Ali dit s’identifier davantage à ce que les jeunes des communautés autochtones vivent, venant lui-même d’un pays colonisé. « Ils sont dans un milieu enclavé et n’ont pas les mêmes ressources des jeunes qui sont à Montréal. Leur réalité n’est pas celle qu’ils voient à la télé. Venant d’une réalité encore plus précaire, je ne leur vends pas des espoirs, je leur dis simplement que c’est possible de s’en sortir », indique-t-il.

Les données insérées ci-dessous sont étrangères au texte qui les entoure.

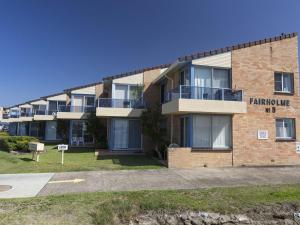 a brick building with a sign on the side of it at Fairholme 12 in Tuncurry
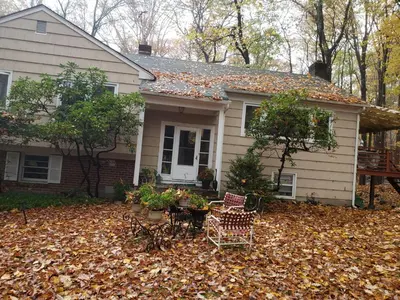 a house with leaves on the ground in front of it at Spacious Room with a View of the Woods in Armonk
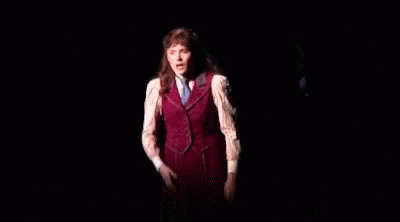 A Woman In A Red Vest And White Shirt Is Standing On A Stage In The Dark GIF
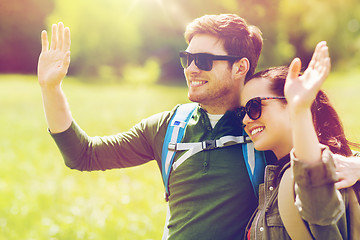 Image showing happy couple with backpacks hiking outdoors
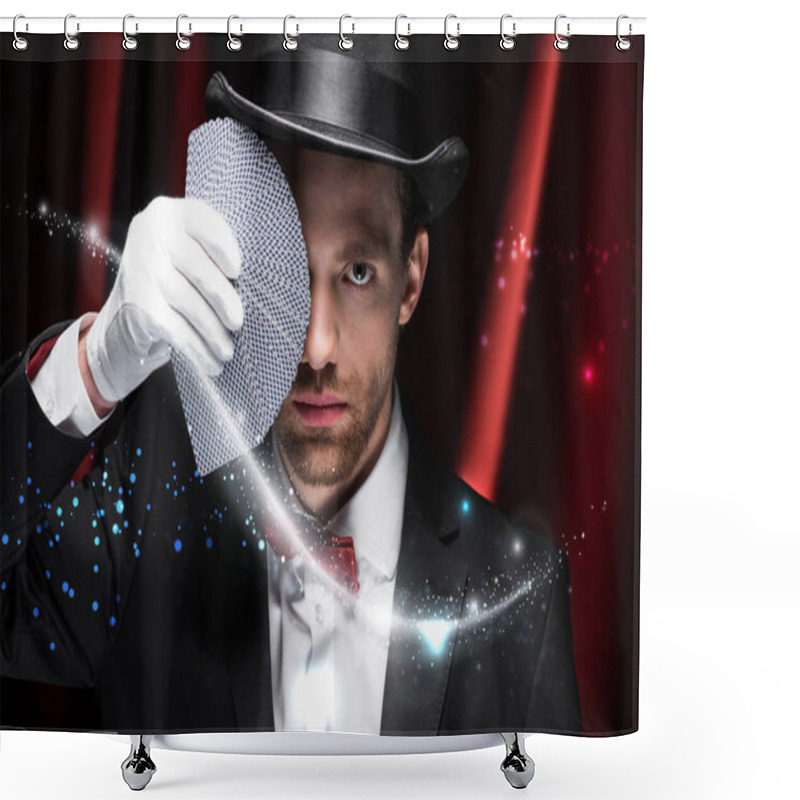 Personality  KYIV, UKRAINE - NOVEMBER 27, 2019: Professional Magician Holding Playing Cards In Circus With Red Curtains And Glowing Illustration Shower Curtains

Depuis quelques semaines, père Ali anime le cours d’éthique et culture religieuse à l’école de Schefferville. « Il fait participer les élèves à des sujets d’actualité autour de la communauté et dans le contexte de tout ce qui se passe actuellement à travers le monde », note M. Jean-Pierre. À partir d’éléments puisés de films et de légendes autochtones, Ali Nnaemeka vise à contribuer davantage au développement personnel des jeunes et à leur résilience dans le contexte scolaire.

« Ma mission dans les deux communautés est importante. Je resterai dans le territoire tant et aussi longtemps qu’on aura besoin de ma présence », affirme-t-il.